- _What is needed_
Lines from the start of the data through the line containing "Retro oval kids" must be given again exactly. Leave the others out.
*** Working data ***
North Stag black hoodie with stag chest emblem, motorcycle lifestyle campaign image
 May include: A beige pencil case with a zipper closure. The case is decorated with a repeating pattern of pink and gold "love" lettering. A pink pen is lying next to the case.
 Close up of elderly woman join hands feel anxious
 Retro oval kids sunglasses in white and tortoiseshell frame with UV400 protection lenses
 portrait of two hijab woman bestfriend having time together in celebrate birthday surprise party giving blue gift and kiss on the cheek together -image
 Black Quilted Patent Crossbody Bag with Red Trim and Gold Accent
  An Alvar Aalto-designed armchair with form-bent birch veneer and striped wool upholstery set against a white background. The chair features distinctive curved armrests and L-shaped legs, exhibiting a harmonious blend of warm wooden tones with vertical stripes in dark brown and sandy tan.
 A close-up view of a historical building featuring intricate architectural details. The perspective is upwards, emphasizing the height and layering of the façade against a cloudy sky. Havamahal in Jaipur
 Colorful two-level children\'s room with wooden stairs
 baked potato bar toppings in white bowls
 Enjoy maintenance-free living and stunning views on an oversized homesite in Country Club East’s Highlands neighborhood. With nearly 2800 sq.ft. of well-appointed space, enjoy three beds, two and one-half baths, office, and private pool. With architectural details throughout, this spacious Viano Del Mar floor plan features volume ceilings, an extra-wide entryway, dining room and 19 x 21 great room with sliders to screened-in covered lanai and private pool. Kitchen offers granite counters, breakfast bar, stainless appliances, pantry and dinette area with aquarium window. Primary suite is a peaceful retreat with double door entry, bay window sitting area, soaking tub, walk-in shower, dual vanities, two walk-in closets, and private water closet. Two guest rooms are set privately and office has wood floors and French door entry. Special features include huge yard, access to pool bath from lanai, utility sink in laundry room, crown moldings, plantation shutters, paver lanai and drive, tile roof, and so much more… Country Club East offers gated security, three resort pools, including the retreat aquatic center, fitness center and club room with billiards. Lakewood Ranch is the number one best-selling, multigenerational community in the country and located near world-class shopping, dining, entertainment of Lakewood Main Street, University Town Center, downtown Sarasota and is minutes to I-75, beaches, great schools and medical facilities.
***
- _Solution to the problem_
North Stag black hoodie with stag chest emblem, motorcycle lifestyle campaign image
 May include: A beige pencil case with a zipper closure. The case is decorated with a repeating pattern of pink and gold "love" lettering. A pink pen is lying next to the case.
 Close up of elderly woman join hands feel anxious
 Retro oval kids sunglasses in white and tortoiseshell frame with UV400 protection lenses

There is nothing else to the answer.